HYPR.AI

HYPR.AI is a cloud-based deep learning and hyperparameter optimization platform. It contains a master service that serves this web-based UI and handles user submissions through a RESTful API. It also contains a worker service (which can be spawned multiple times) for training deep learning models on cloud-based services like AWS or Paperspace.

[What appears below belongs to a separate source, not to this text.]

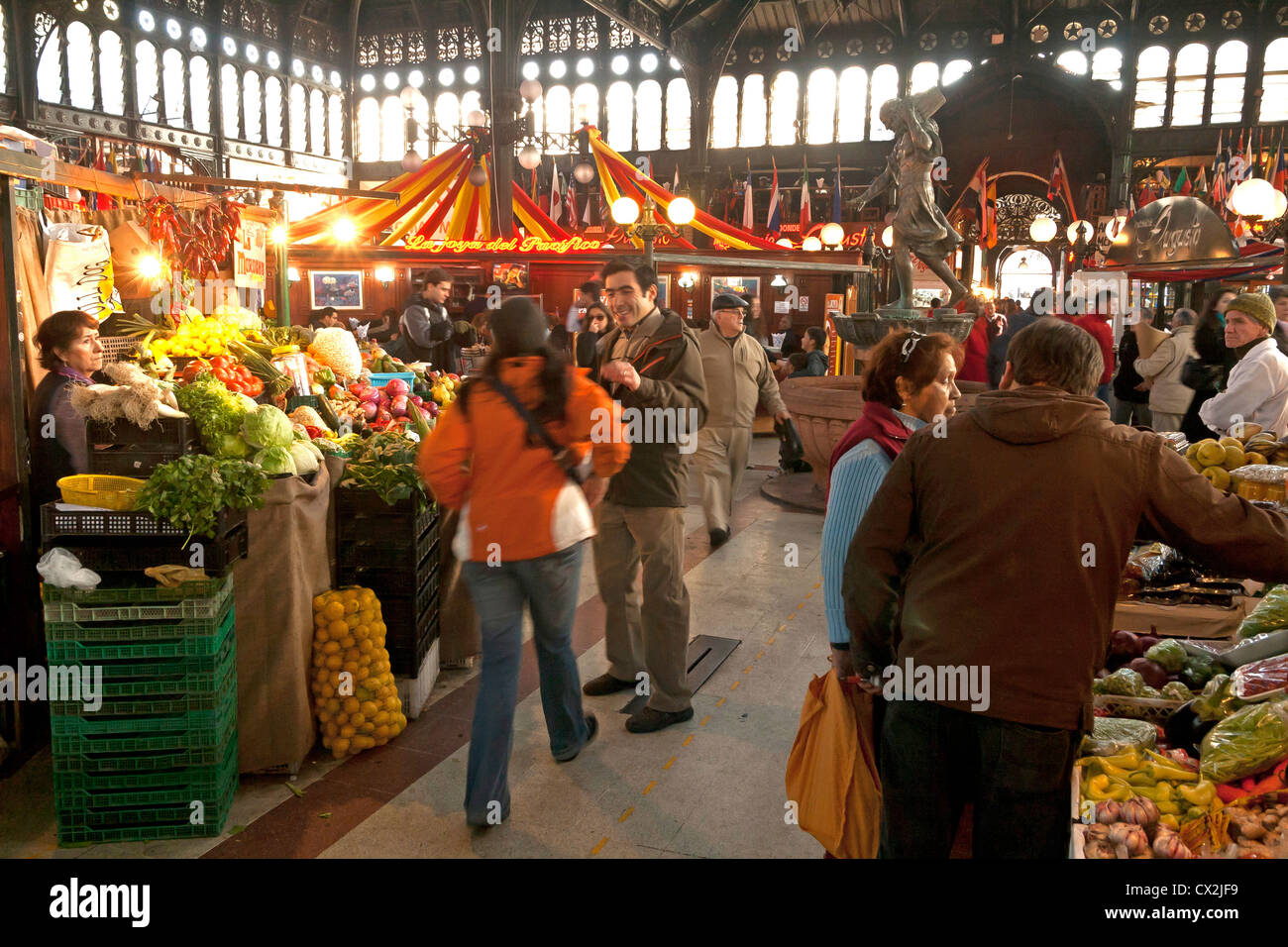 Mercato centrale in Santiago de Chile, tipica scena, l'immagine 4 di 5 (anche nella cornice di un uomo in riunione con il suo amante o amico) Foto Stock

Ryan's running example is currently at hypr.umx.io.

Features:

Use predefined JSON file to define deep learning network architetures
Support modular models to reduce the complexity of building similar models
Pretrained model can be loaded into extended network architectures
Training instances (dockerized container) can be deployed anywhere
In a "hypr task", the user specifies hyperparameters to explore, creating multiple trainings (currently using random search)

Requirements

Python 3
Docker 17.03 or above
AWS Access key with fullaccess of S3 and DynamoDB
Nvidia GPU (training instance)

How to deploy

Two kinds of services need to be deployed:

A. RESTful service (only need one)
B. Training instances (not limited, the more the better)

A. RESTful service

It is highly recommended to run RESTful service on AWS which will have short latency on accessing DynamoDB and S3, but it still can be deployed to your local machine (make sure that machine can be accessed through internet otherwise the logs come from training instance will be lost).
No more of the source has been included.